The bill was drafted with respect for provincial and territorial jurisdiction, as well as respect for Indigenous rights, according to senior federal officials.

Federal Families Minister Karina Gould introduced legislation on Thursday that aims to solidify Ottawa's long-term participation in the new national child care system.

Bill C-35 would enshrine in law the federal government's commitment to long-term program funding for provinces and Indigenous communities, as well as the principles that should guide such funding federal.

The text does not contain any specific financial promise for this national program, but this entrenchment in law could make it more difficult for a future government to dismantle it.

The Liberal government has introduced a national program center that is to reduce daycare fees by an average of 50% by the end of the year and bring them down to an average of $10 a day by 2026.

The 2021 federal budget provided $30 billion in new spending for the national child care system over five years, and an additional $9.2 billion in subsequent years.

We want to protect what we have built, Minister Gould said at a press conference on Thursday.

Conservative Leader Pierre Poilievre had previously announced that his party, if elected, would abolish the current child care scheme and replace it with a tax credit that will go directly to families.

Paul Martin's Liberal government signed agreements with the provinces in 2005 to create a national child care system, but Conservative Prime Minister Stephen Harper canceled those agreements after taking office the following year. /p>

A future Conservative government would not be able to scrap the Liberals' new agenda as hastily as Mr.
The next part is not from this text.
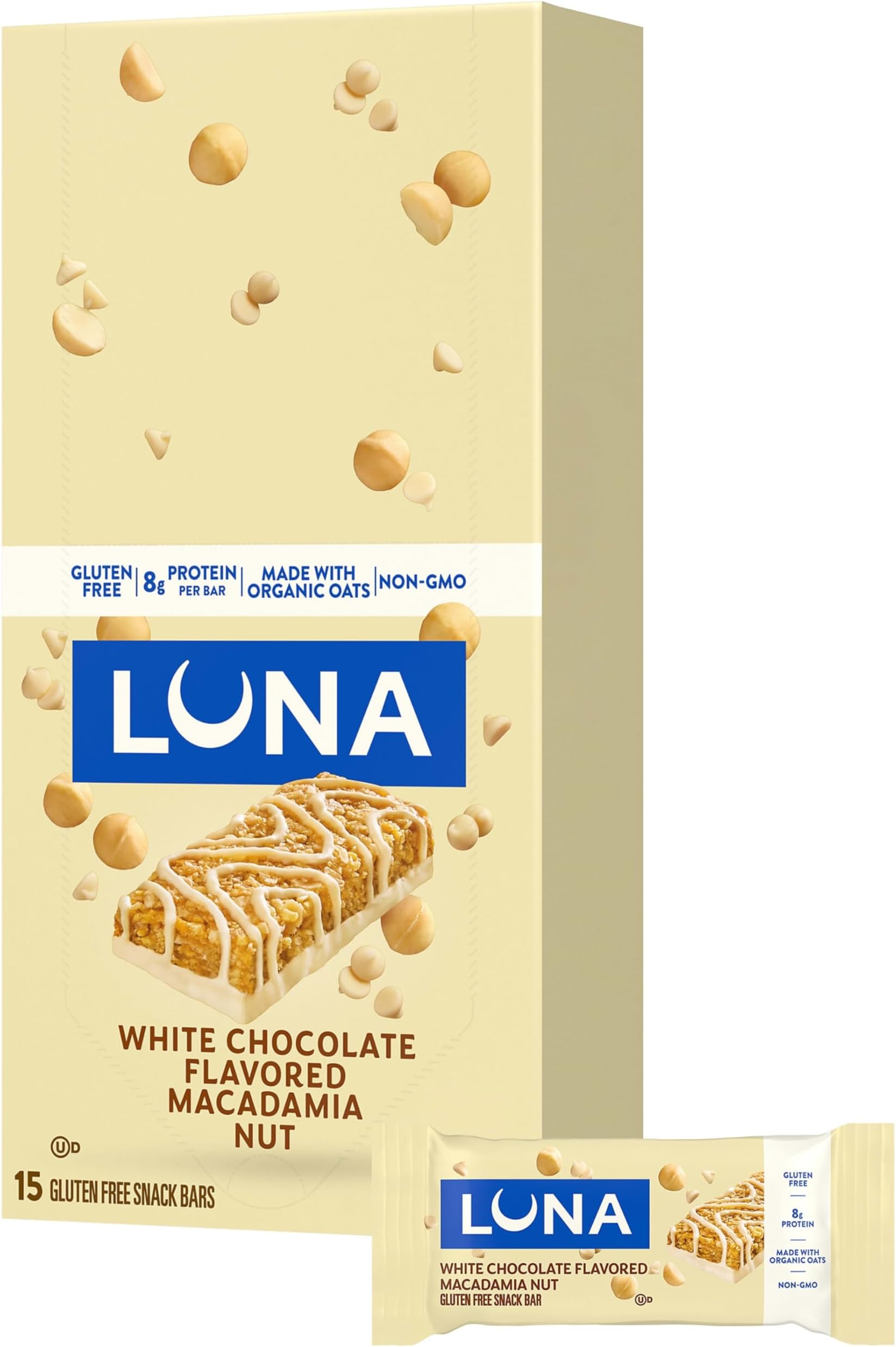 Clif, Bar Luna White Chocolate Macadamia 15 Count, 25.35 Ounce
Harper did, the studies professor noted studies at the University of Manitoba Susan Prentice.

If future governments wish to backtrack on the long-term commitments proposed in the bill, they will need to take the lead in repealing or amending the legislation, Minister Gould pointed out.

Federal Family Minister Karina Gould at Question Period Thursday, December 8, 2022

“The Conservatives couldn't scrap the program on the sly. They should tell Canadians very publicly that they don't believe in affordable child care.

— Karina Gould, Federal Minister for Families

Senior federal officials told reporters Thursday morning that if future governments wanted to backtrack on the long-term commitments proposed in the bill, they would have to make the move to repeal or amend the law.

Officials said the bill was drafted with respect for provincial and territorial jurisdiction, as well as respect for Indigenous rights.

They further argued that the bill also did not impose conditions on other levels of government – ​​which was the primary concern of some provincial governments during the consultation process.

The bill remains reluctant to go too far into provincial jurisdiction, according to Professor Prentice.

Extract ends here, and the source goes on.